Understanding wireless access basics and the value of a keyless campus experience
The evolution from mechanical, to wired, to wireless continues to impact the security industry, and higher education campuses are among the environments benefiting from the flexibility and efficiencies wireless solutions offer. While wired and mechanical solutions have their place on campus, wireless electronic locks complement these to expand the value of electronic security to more openings.
To understand the value, let’s explore the advantages of wireless:
Wireless locks complement existing security solutions and can be tailored to fit varying security needs. Universities of all sizes can upgrade traditionally mechanical doors and extend the value of wireless electronic access control throughout campus. These devices are easy to install, affordable and can overcome architectural limitations where running wire is difficult and costly. They are ideal for interior openings like student rooms, faculty offices, lab spaces and classrooms.
As wireless electronic locks are integrated into a campus’s access control system, personnel can configure locks, assign schedules, and access reports and insights that aren’t possible with mechanical locks. Utilizing real-time data and technology allows schools to manage their facilities as well as the staff or occupants inside to make informed, proactive decisions.
Wireless locks are easy to install, affordable and can overcome architectural limitations where running wire is difficult and costly.
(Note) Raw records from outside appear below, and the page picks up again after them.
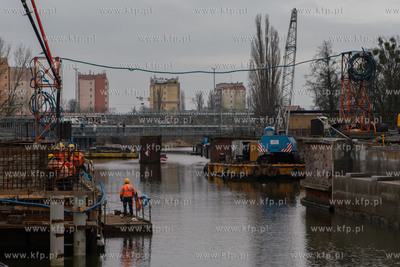 Gdańsk. Trwa przebudowa Mostu Stągiewnego. Nz. Kładka...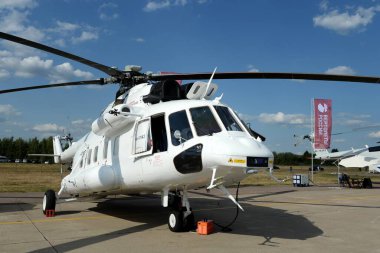 ZHUKOVSKY, MOSCOW REGION, RUSSIA - 20 Temmuz 2021: Mi-171A2 ağır çok amaçlı helikopter Zhukovsky, Rusya 'daki MAKS-2021 Uluslararası Hava Gösterisinde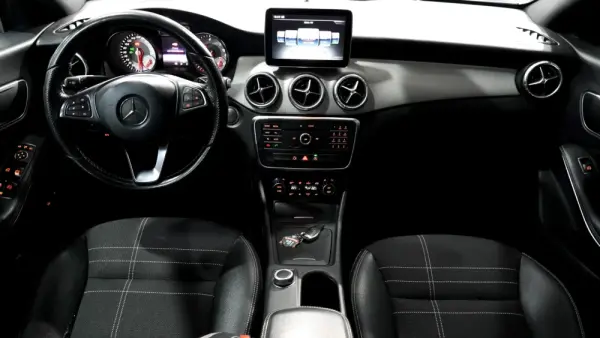 Mercedes-Benz CLA 220 17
They're ideal for interior openings like student rooms, faculty offices, lab spaces and classrooms.
In the event of an emergency, a campus can lockdown all or portions of its campus from a centralized location. Wireless devices extend electronic access control to more interior doors, adding an additional layer of protection during a crisis.
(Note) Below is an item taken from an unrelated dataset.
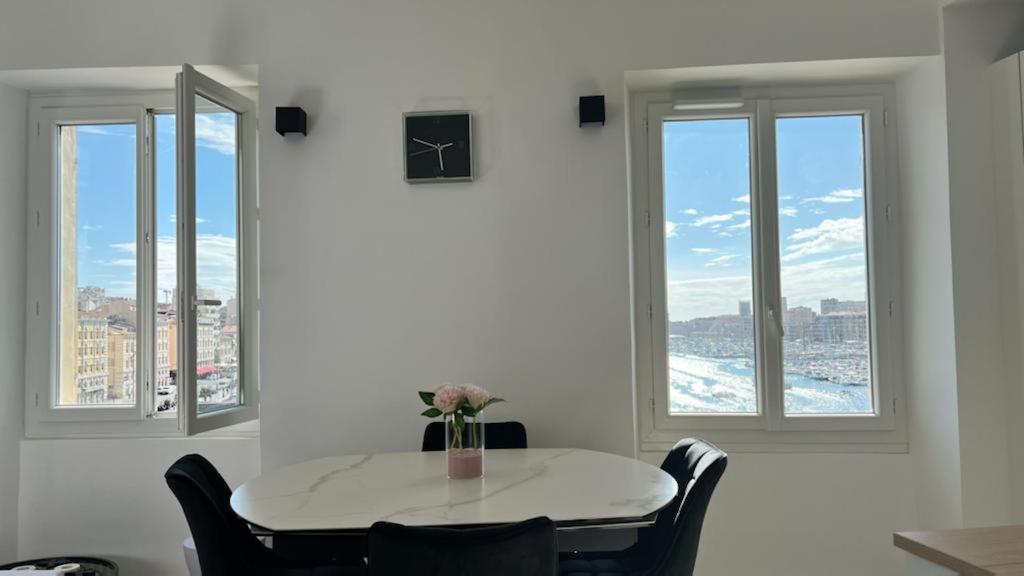 Ferienwohnung Face Au Vieux Port Vue 180 De Notre Dame Au Panier Marseilles Exterior foto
Another benefit of wireless locks over mechanical options is universities can instantly activate and deactivate campus ID cards, and the system tracks who has access to areas on campus. There’s no need to worry about mechanical keys floating around. Mechanical key override can still be an option, but facilities can reduce the distribution of those keys to just the campus lock shop and public safety personnel.
Beyond security, electronic credentials reduce the cost and time associated with the traditional rekeying of a mechanical lock. If a student, faculty or staff member loses an ID card it can be deactivated, and a new credential can be issued in minutes versus the hassle of rekeying a mechanical door.
Campuses can often install more wireless locks in the same cost parameters as a wired solution because eliminating the need to run wires to each opening dramatically reduces labor costs.
Also among the advantages to universities is the return on investment. Campuses can often install more wireless locks in the same cost parameters as a wired solution because eliminating the need to run wires to each opening dramatically reduces labor costs. Once installed, maintenance teams can spend less time manually visiting each opening. Instead, schedules can be deployed to lock up buildings, classrooms and other spaces at set times.
Students value the conveniences that wireless devices offer, like a single credential for access. While main entrances often use wired hardware, it’s not feasible to hardwire every interior door.